Images are not part of the copy; transcribe all the data exactly.

• [Raw data]

[Start of section]

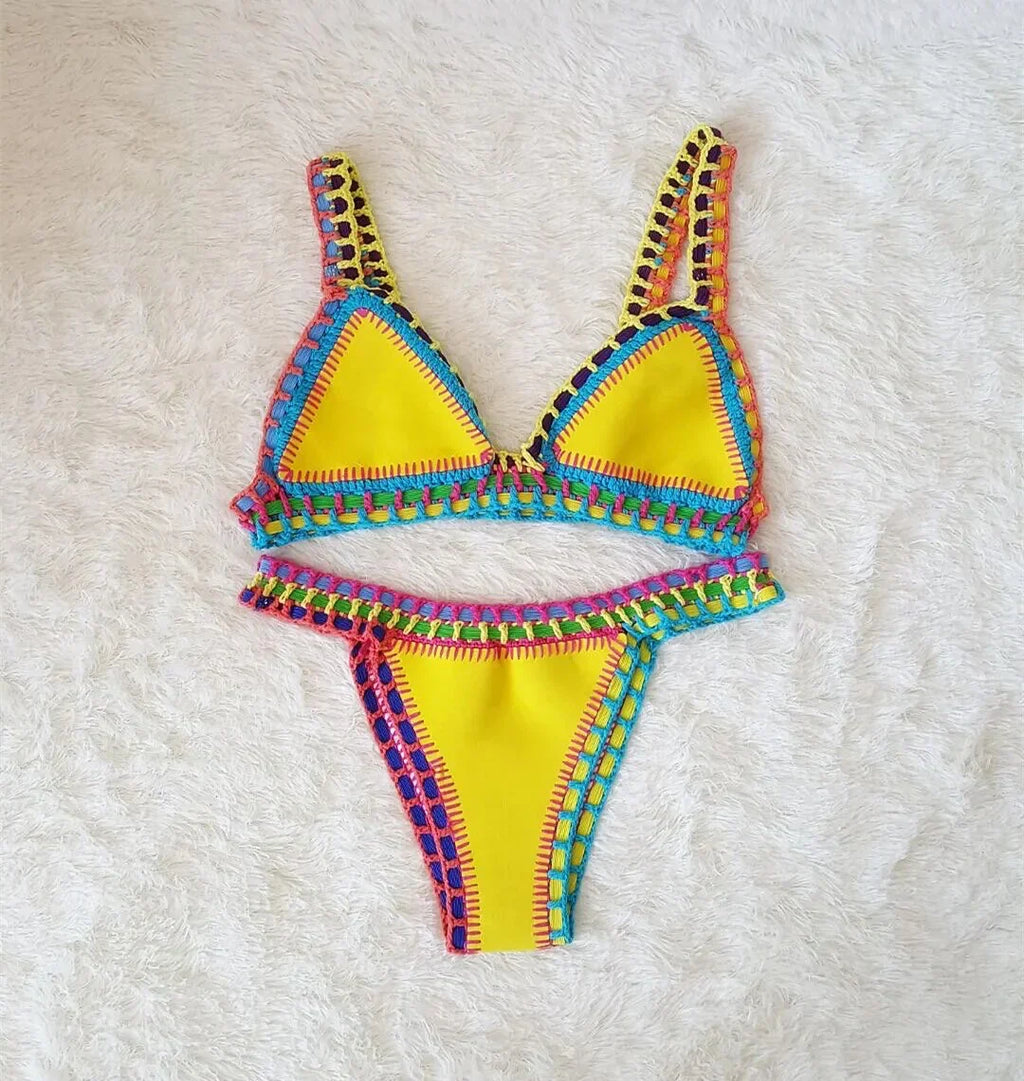 Womens Boho Crochet Bikini Set Stretch Top Four Color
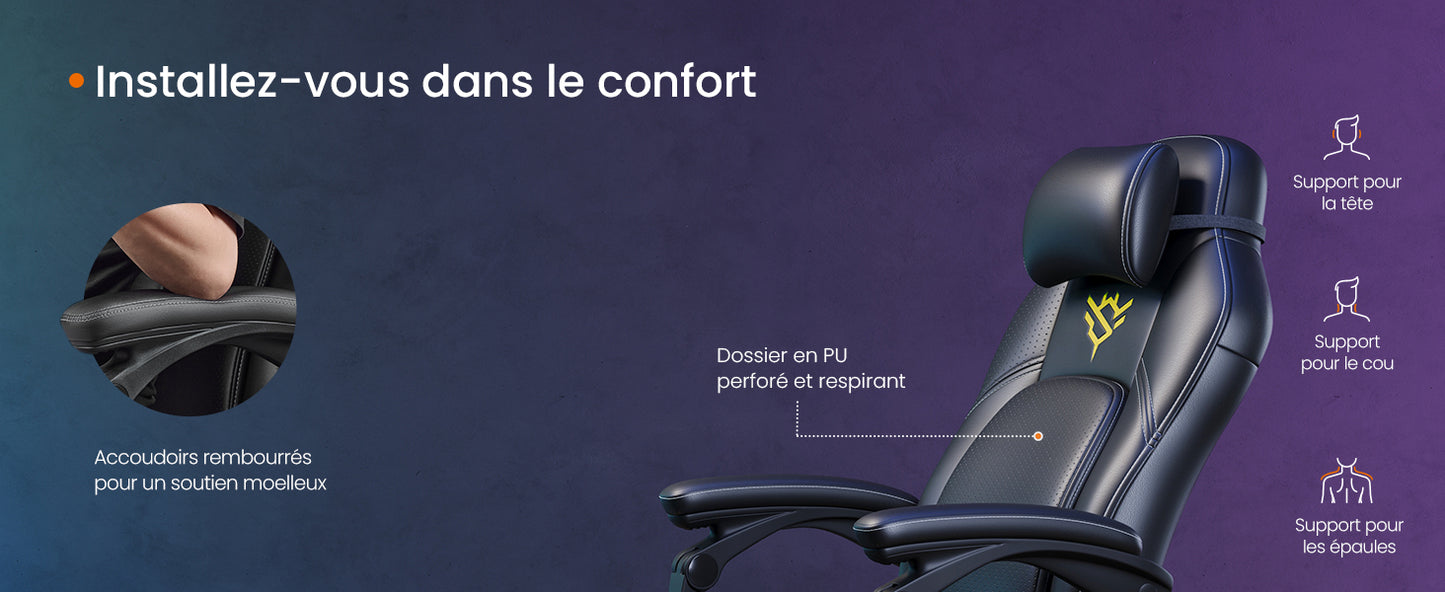 HOME Fauteuil Gaming, Chaise de Bureau Ergonomique avec Repose-Pieds, Chaise Gamer avec Appui-tête, PU, Hauteur Réglable, Noir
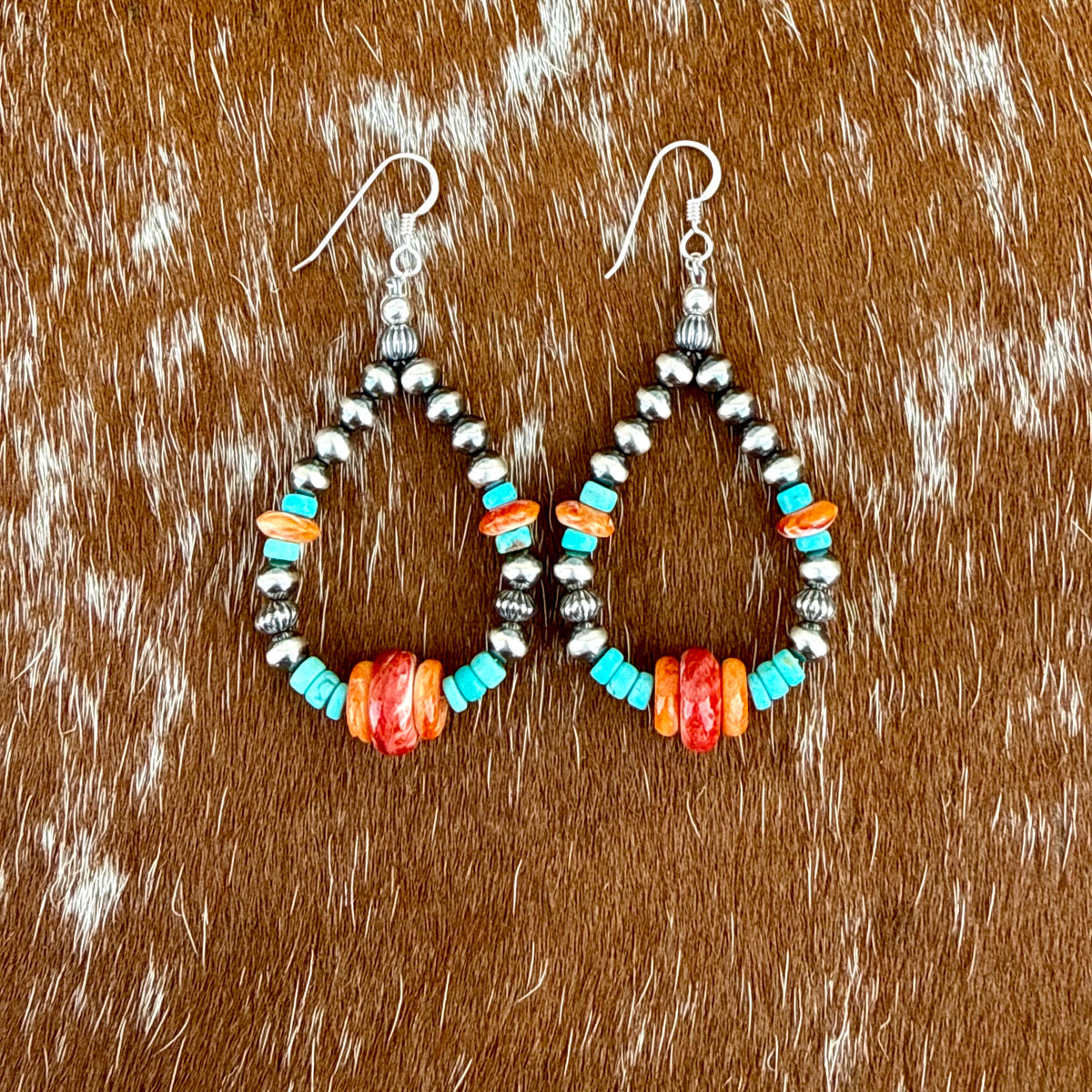 Sterling Silver Pearls 5mm, Kingman turquoise beads, Spiny Oyster beads earrings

[End of section]

• [Answer area]
 Womens Boho Crochet Bikini Set Stretch Top Four Color
 HOME Fauteuil Gaming, Chaise de Bureau Ergonomique avec Repose-Pieds, Chaise Gamer avec Appui-tête, PU, Hauteur Réglable, Noir
 Sterling Silver Pearls 5mm, Kingman turquoise beads, Spiny Oyster beads earrings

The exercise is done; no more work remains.